Check out these pretzels we made tonight. They were quick and easy to make. I've put a link to the recipe, in case anyone is interested. As you can see we got creative with shapes. My stepsone made a "D" for Dad and one that looks like a cinnamon roll. Toppings we used: cinnamon/raw sugar, kosher salt, poppy seeds, black seasame seeds, and shredded sharp cheddar cheese.  





http://www.breadworld.com/recipes/recipedetail.asp?id=67


----------



## pdswife (Nov 4, 2005)

Cool!  Were they hard and crunchy or soft and chewy?

I think it's great that your stepson cooks with you.


----------



## htc (Nov 4, 2005)

They were soft and chewy. I don't know how they will taste tomorrow. They've cooled completley and seem harder than they were earlier. The recipe said 15 min each cooking period, but I think that it could do for about 12 min. Also, I think if I let it rise longer it will get chewier.

Yes, stepson likes to help in the kitchen. I always make his Dad participate too cuz I think he'll remember cooking w/ his Dad a lot more than he would me, when he gets older.  DH is always good and does participate.


----------



## urmaniac13 (Nov 4, 2005)

Your pretzels look "ganz gut"!! (They look so good it had to be said in their original tongue German!! ) Can I pinch one of them!!? 




			
				htc said:
			
		

> Yes, stepson likes to help in the kitchen. I always make his Dad participate too cuz I think he'll remember cooking w/ his Dad a lot more than he would me, when he gets older.  DH is always good and does participate.


 
I feel the same way, HTC... Lucilla, Cris's 9year old, is obviously interested in cooking, she always comes to my side and wants to help me when she sees me making something in the kitchen. Cris has made some Ice Cream, Truffles and biscuits with her and she seems to enjoy it a lot. And when she takes part in cooking the food, she is much less picky, she eats what she cooked!! Unfortunately her mother (Cris's ex) has lost enthusiasm for cooking now and only does bare minimum for their everyday dinner. I wish she had more opportunity to cook in the kitchen!!


----------



## Piccolina (Nov 4, 2005)

Ohhh I would love one of those right now HTC, they look fantastic - great job! 

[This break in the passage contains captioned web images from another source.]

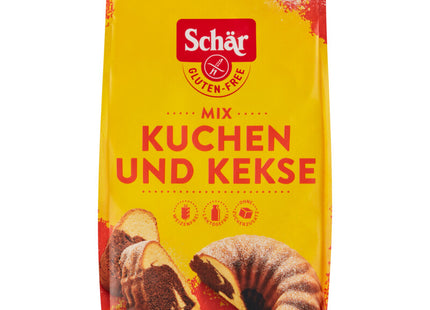 Schär Mix kuchen und kekse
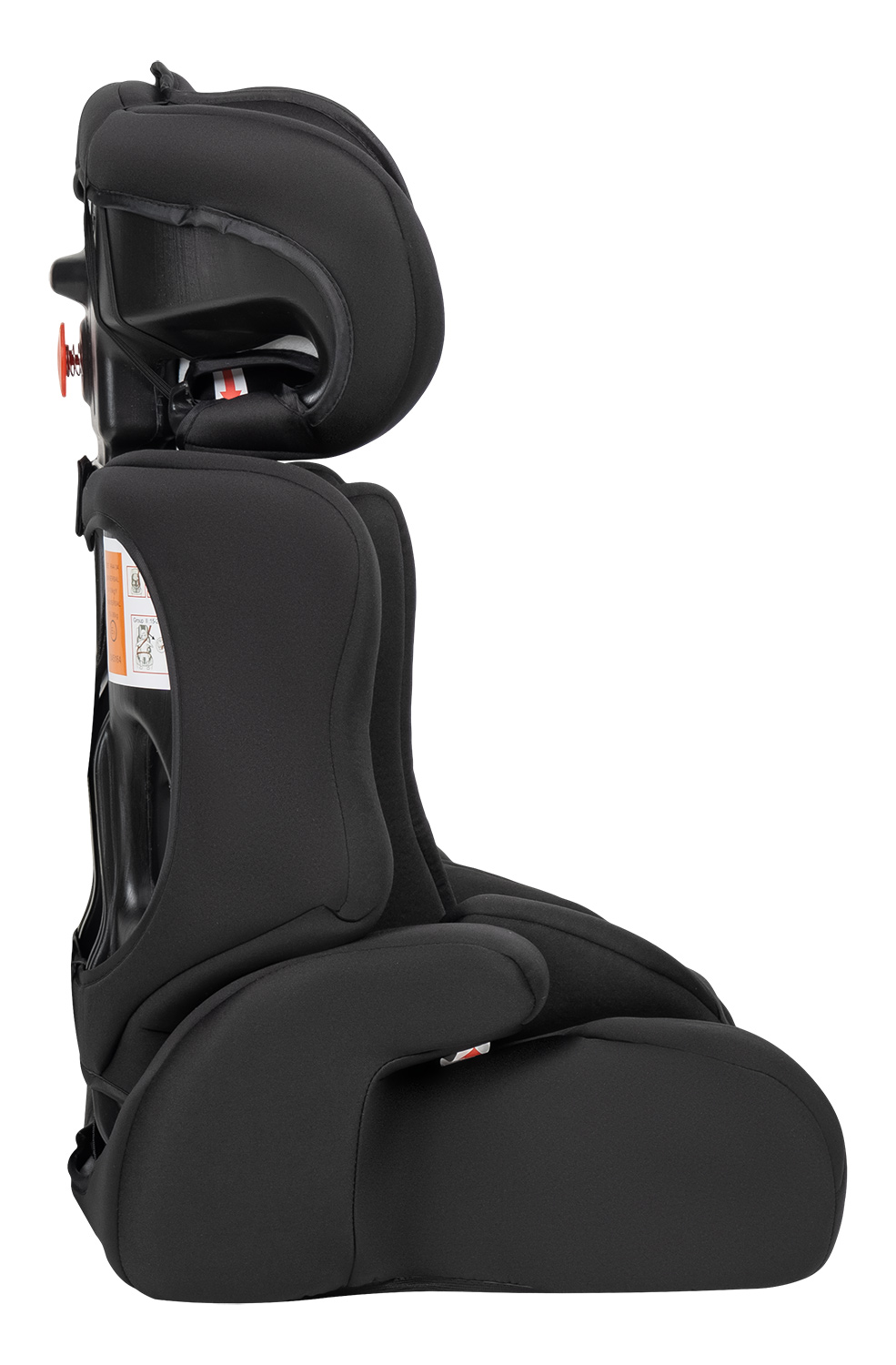 Автокресло Costa HC-01 1/2/3 (9-36 кг) черный - фото 10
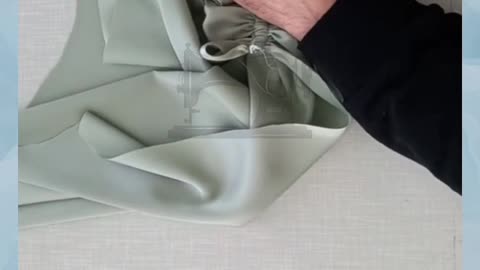 Beautiful ruffle sleeve sewing tutorial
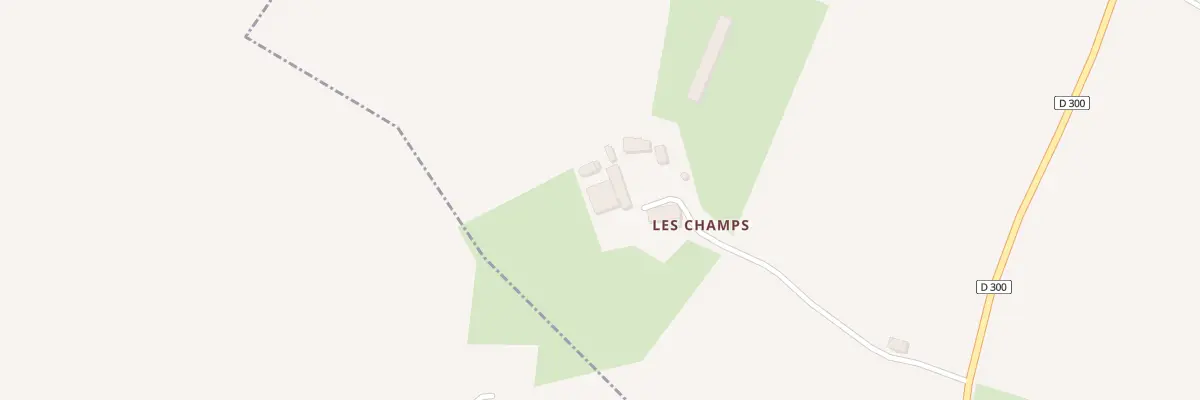 Plan du 5179 Les Champs à Nouans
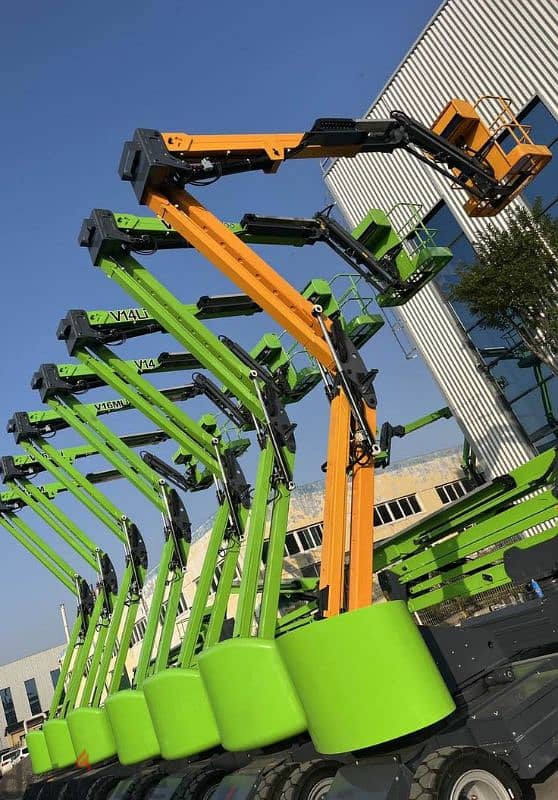 Boom lifts 26m 24m 22m 20m 18m 16m  for rent in Dammam 12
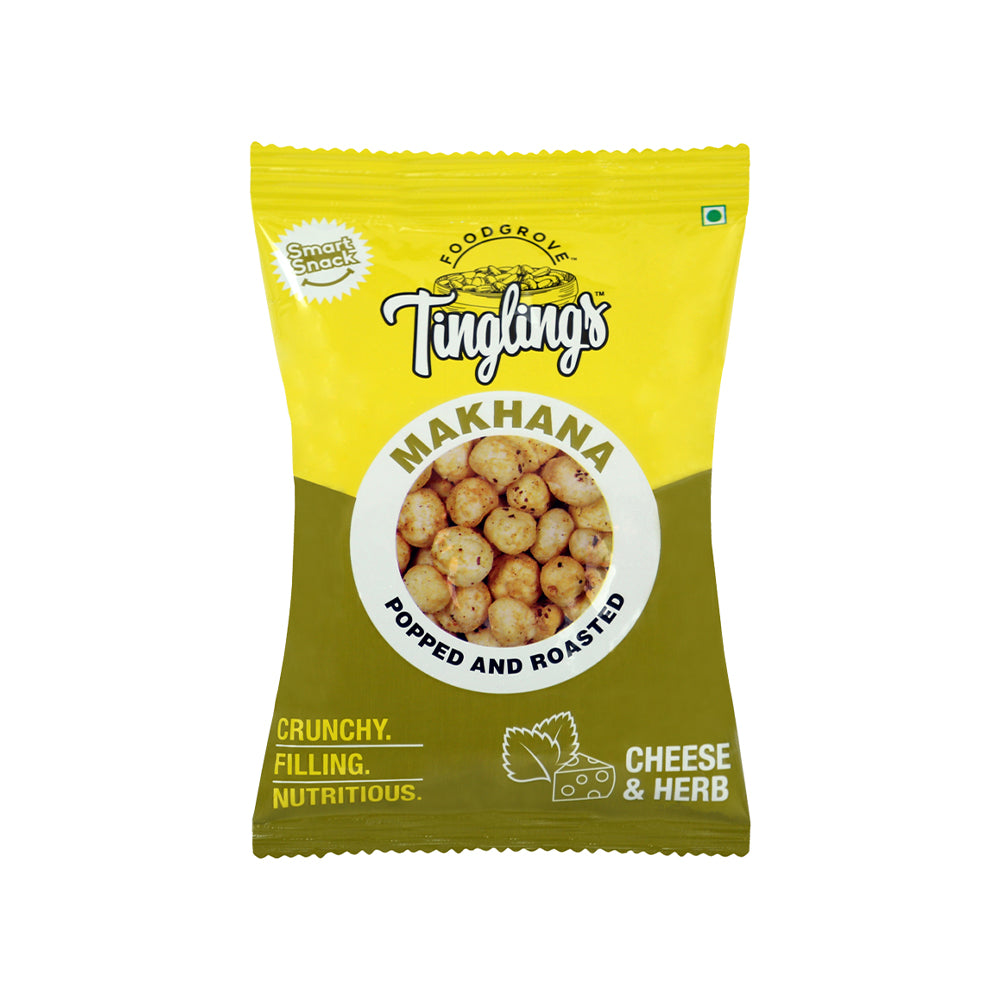 Tinglings Cheese&Herb Makhana 20g
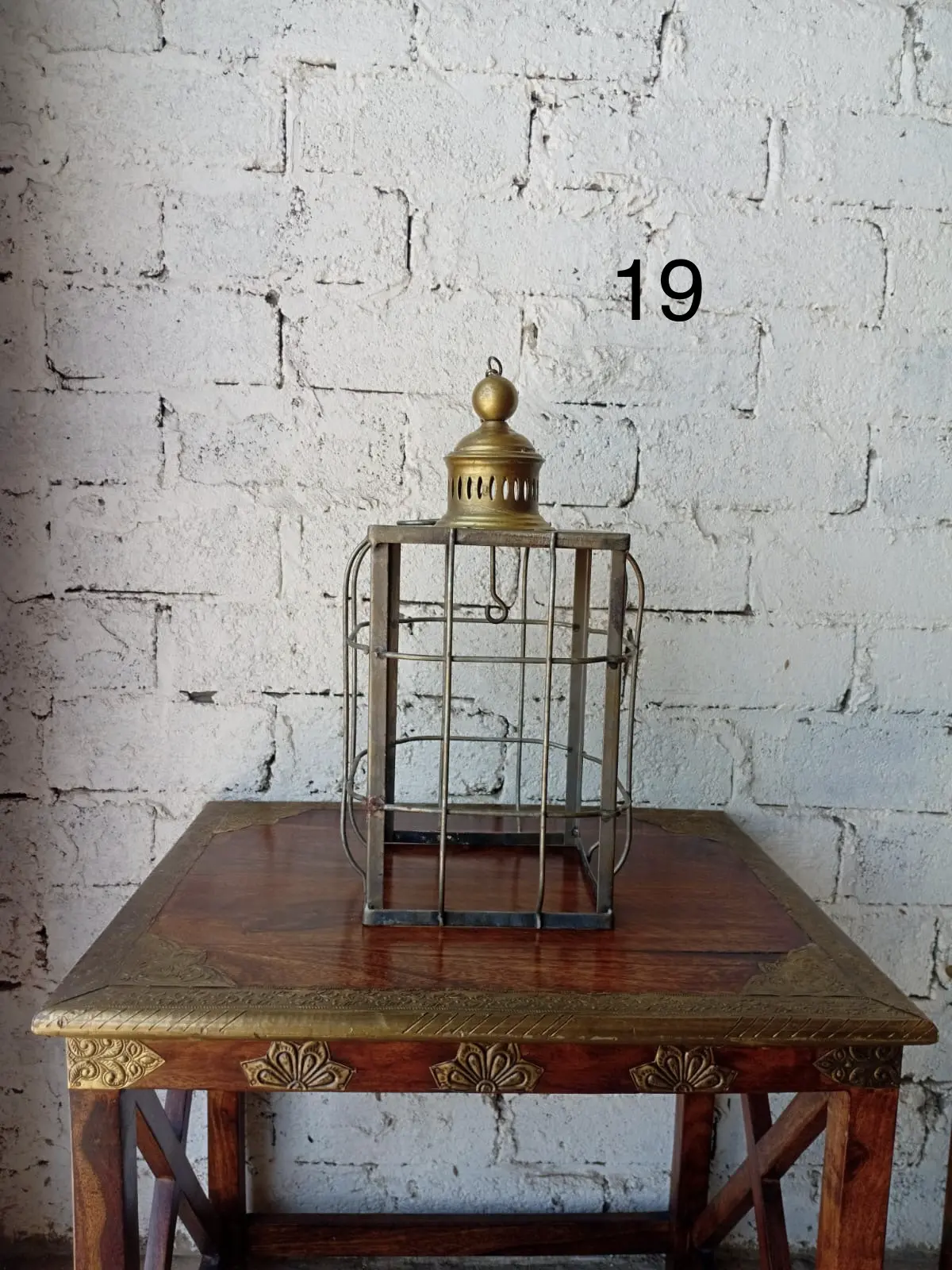 Copper Harbor Hanging Lantern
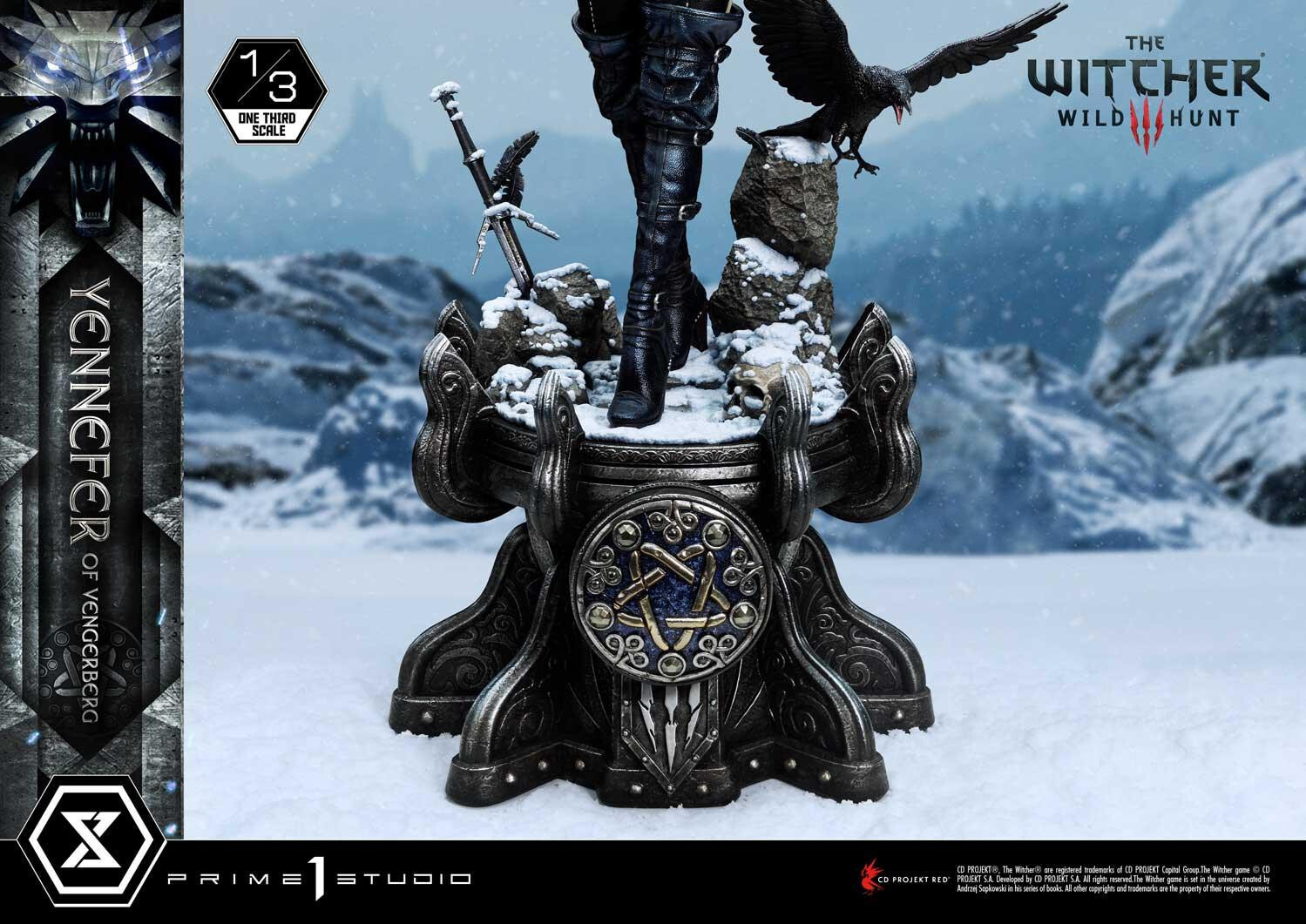 The Witcher 3: Wild Hunt - Yennefer - Museum Masterline Series  (MMW3-02DXS) - 1/3 - DX Bonus Version (Prime 1 Studio) photo 78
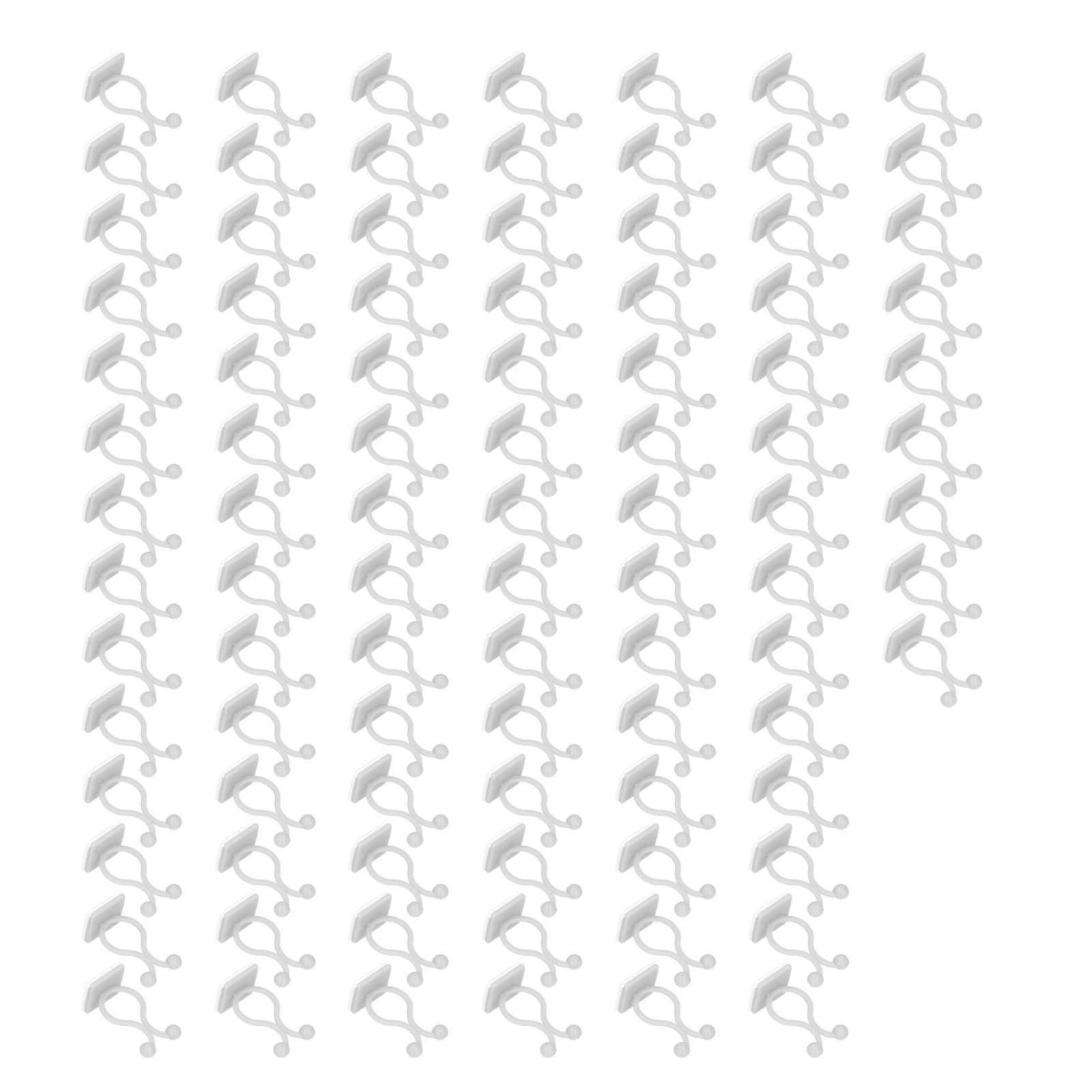 100PCS Plant Climbing Wall Fixture Wall Vines Fixing Clip Self Adhesive Branch view 7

Do you ever like to dip your soft pretzels into any type of sauce or condiment?


----------



## htc (Nov 4, 2005)

Urmac, I find that the same thing happened with my stepson. He's a lot less picky when he gets to help. Used to hate tomatoes, but then helped grow them and now claims it's one of his favorite veggies!  

Piccolina, sometimes I like to dip in a cheese sauce. We haven't done a dip for these yet. I was pretty liberal w/ the cheese on some of them so I might not do the dip. Just for the sake of my waistline.


----------



## licia (Nov 4, 2005)

They look so good. I printed the recipe and will try to make them with my grandkids Thanksgiving week.  I'm sure they will want to get involved in that.


----------



## KAYLINDA (Nov 4, 2005)

These look heavenly!  Great job Htc!


----------